LOS ANGELES, Calif.–Two years ago, a team of UCLA geography researchers and students used satellite images and studied the terrain around Osama bin Laden’s last known whereabouts and came up with a theory of where he might be hiding.

As it turned out Sunday, they were pretty close.

The team, led by UCLA geographer Thomas Gillespie, calculated there was an 88.9 percent chance the al-Qaida leader was hiding in an area within 300 kilometers of Tora Bora. Included in that radius was the Pakistani town of Abbottabad, where bin Laden was killed by Navy SEALs Sunday.

Gillespie’s team surmised that bin Laden was likely not hiding out in remote caves, but in a large town. They didn’t specify Abbottabad, but the team suggested that bin Laden might be in a Pakistani border town called Parachinar, about 300 miles west of where he was actually found.

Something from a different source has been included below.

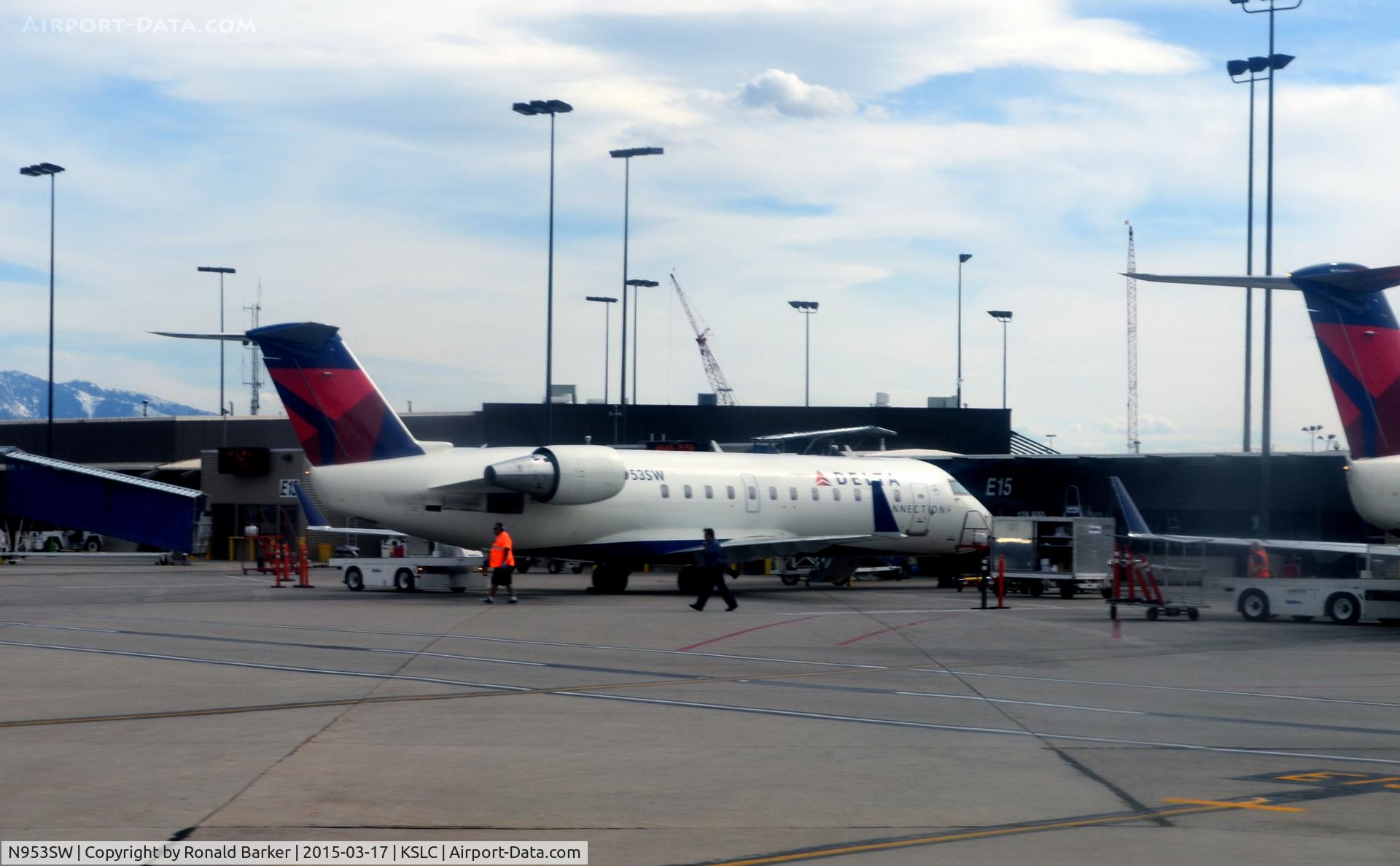 N953SW, 2003 Bombardier CRJ-200LR (CL-600-2B19) C/N 7813, At the gate SLC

According to the team’s 2009 paper, which was published in the MIT International Review, they concluded that bin Laden might be hiding out in a handful of buildings in the city. The researchers noted that he would likely be in a large compound with high ceilings and tall perimeter walls.

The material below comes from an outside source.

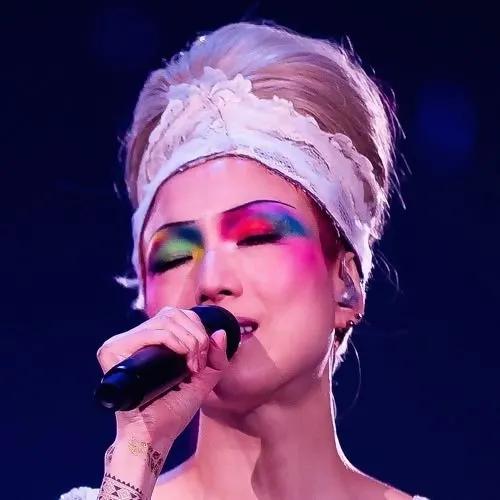 和49岁的她比，流量们的努力好廉价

In an interview with Science Insider, a journal of the American Association for the Advancement of Science, Gillespie said the team was working with limited information, since bin Laden’s last known location was about eight years old when the team was doing its work.

“The theory was basically that if you’re going to try and survive, you’re going to a region with a low extinction rate, a large town,” he said. “We hypothesized he wouldn’t be in a small town where people could report on him.”

He said he was not convinced that bin Laden would be hiding in a cave, as many had theorized over the years.

“Caves are cold and you can’t see people walking up to them,” he said.